In 988 Prince Volodymyr the Great established Christianity in its Byzantine-Slavic rite as the national religion of his country, Kyivan-Rus. This happened before the Great Church Schism of 1054 divided Christian East from West. The Kyivan Church inherited the traditions of the Byzantine East and was part of the Patriarchate of Constantinople. Yet this Church also remained in full communion with the Latin West and its patriarch, the Pope of Rome. Though Constantinople and Rome had their disputes, the Kyivan hierarchy tried to work for Christian unity. Representatives from Rus participated in the Western Councils of Lyon (1245) and Constance (1418). Isidore, the Metropolitan of Kyiv, was himself one of the creators of the Union of Florence (1439).
While the Kyivan Metropolitanate was working towards reunion, a new metropolitanate arose north of Kyiv, in Moscow. The Church of Moscow refused to accept the Union of Florence and separated from the ancient metropolitanate in Kyiv, announcing its autocephaly (self-governing status) in 1448. In 1589, with Greek Orthodoxy and Constantinople subject to Turkish domination, the Church of Moscow became a patriarchate.
The Kyivan Church was challenged by the Protestant Reformation and the renewed Catholicism of that period and was also suffering a serious internal crisis. The Synod decided to pass under the jurisdiction of the see of Rome. The traditional Eastern rite of the Kyivan Church was preserved and its ethnic, cultural and ecclesial existence was guaranteed. This was confirmed at the Council of Brest in 1596, which is the beginning of the Ukrainian Greek-Catholic Church as an institution.
Some hierarchs and faithful of the Kyivan Church, however, insisted on remaining under the jurisdiction of the Patriarchate of Constantinople. Torn by internal division, the Central and Eastern sections of Ukraine passed under the control of the ruler of Moscow in 1654. Soon the Orthodox Kyivan Metropolitanate was under the authority of the Moscow Patriarchate (1686). It then became merely a "territory" of the Russian Orthodox Church, subject to the Synod in Moscow.
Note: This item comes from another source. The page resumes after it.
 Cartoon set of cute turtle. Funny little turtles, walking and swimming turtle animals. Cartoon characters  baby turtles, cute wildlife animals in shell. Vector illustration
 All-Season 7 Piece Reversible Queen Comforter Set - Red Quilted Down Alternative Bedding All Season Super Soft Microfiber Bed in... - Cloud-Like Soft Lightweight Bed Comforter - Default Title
Coinciding with this period of Russian and other imperial expansion, many Ukrainian bishops, including Metropolitans of Kyiv, opted to unify with the Bishop of Rome, while retaining the Byzantine ritual and spiritual traditions. This formed what is called the Ukrainian Greek Catholic Church. As the Tsarist Empire grew, it repressed the Greek Catholics and forced "conversions" to Russian Orthodoxy (1772, 1795, 1839, 1876). The Pratulin Martyrs died as a result of these repressions.
Russia already understood, in the 17th Century, that the Ukrainians differed entirely from the Russians in language, customs and views of life. The Russian government, therefore, inaugurated a policy of rigid repression of all these points of difference. As early as 1680 it prohibited any use of the Ukrainian language in ecclesiastical literature. In 1720, the printing of any Ukrainian books at all was forbidden. All Ukrainian schools were closed. The Ukrainian orthodox church, which enjoyed absolute autonomy, with a sort of loose subordination to the Patriarch of Constantinople, was made subject to the Patriarch of Moscow (later to the Holy Synod) and became completely Russified. The Ukrainian people became completely estranged from their former national church, which was a tool wielded for purposes of Russification.
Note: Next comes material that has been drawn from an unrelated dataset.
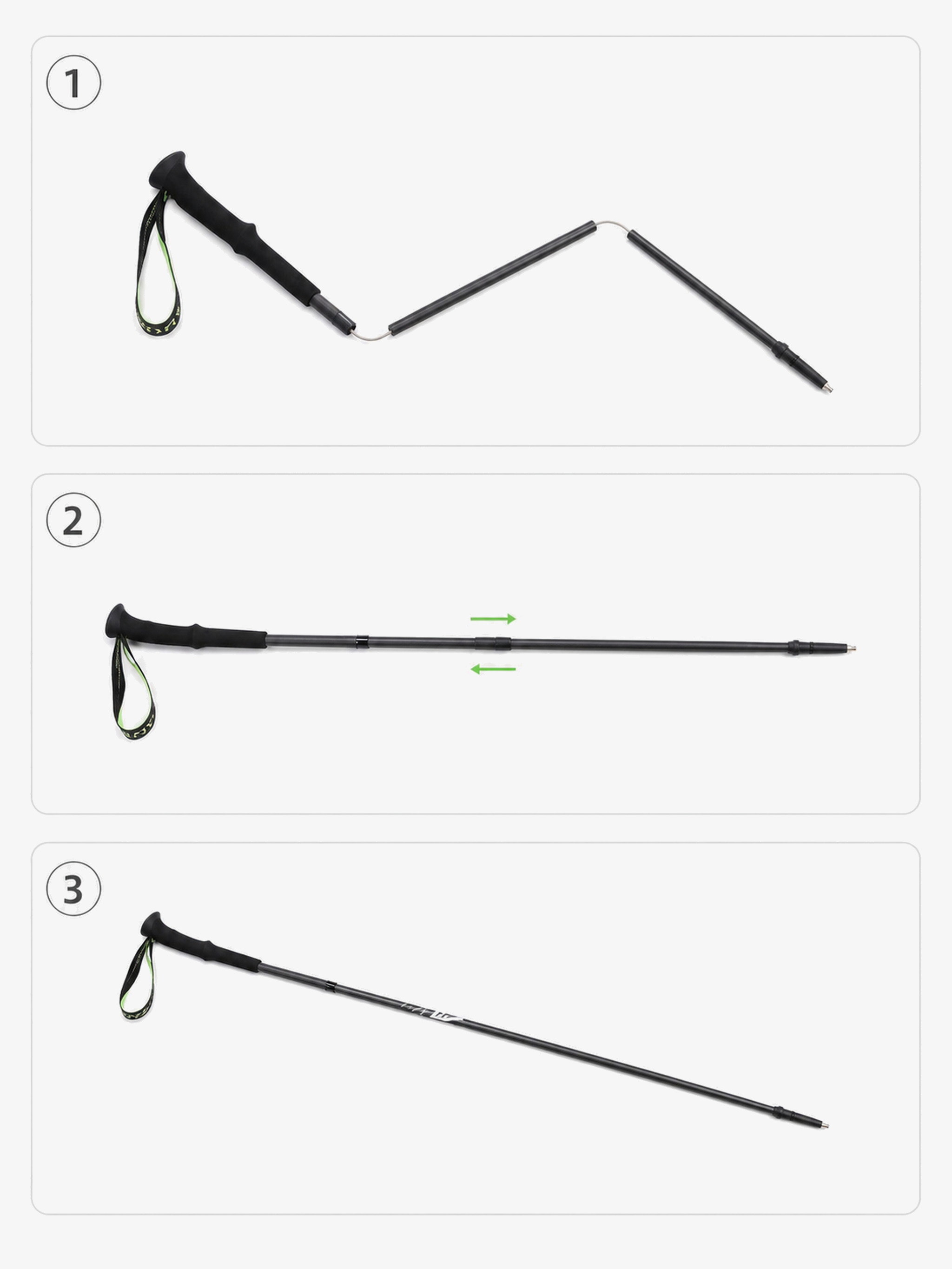 Folding and setup instructions for the Matte Black CAMEL 3K carbon fiber trekking pole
While the Ukrainian Orthodox Church remained under Russian subjugation, the idea of seperation from Moscow was never totally forgotten, beginning with movements in the 1890s. Orthodox clergy and laity in Ukraine were dissatisfied with the close connections of the Russian Orthodox Church with Russian national interests. "Ukrainophile" movements began and after the Russian Revolution in 1917 a movement began to gain autocephalous status for Ukrainian Orthodoxy. The first Metropolitan of the restored church was Dionisiy Valedynskyj of Warsaw, consecrated in 1913 by Patriarch Gregory IV Haddad of Antioch. Upon him was placed responsibility of implementing the decree of the Constantinople Patriarch.
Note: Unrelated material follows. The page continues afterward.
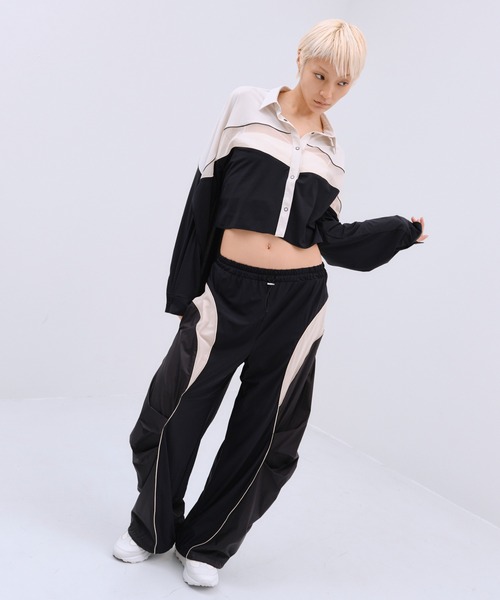 THINGS THAT MATTER(シングス ザット マター)の「MESH BLOCKING STRETCH SHIRT / メッシュ ブロッキング ストレッチ シャツ(シャツ/ブラウス・レディース・ブラウン/ホワイト×ブラック・FREE)」の7枚目の写真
The newly independent Autocephalous Orthodox Church in Ukraine was formed in October 1921 under the leadership of Metropolitan Vasyl Lypkivskyj, following the first declaration of Ukrainian Independence in 1918. The rebirth of the Ukrainian Autocephalous Orthodox Church in 1921 restored the ancient Kyivan Metropolia to its original independence and is considered the "first resurrection of the church." This Sobor elected Metropolitan Vasyl Lipkivskyj to lead the church. In 1924, a decree of the Ecumenical Patriarch Gregory VII, declared the Kyiv Metropolitanate to once again be autocephalous and ordered the consecration of new bishops. Ukraine however, was then occupied by Soviet-Russian authorities and the church faced its first period of bitter persecution. By 1927 it was clear that the Communist regime would not stop its persecution of this Church, having by that year arrested all its Hierarchs and most of its clergy and destroyed most of the Church properties. By 1937 all the Bishops had been executed and there were no signs of the Church’s life existent.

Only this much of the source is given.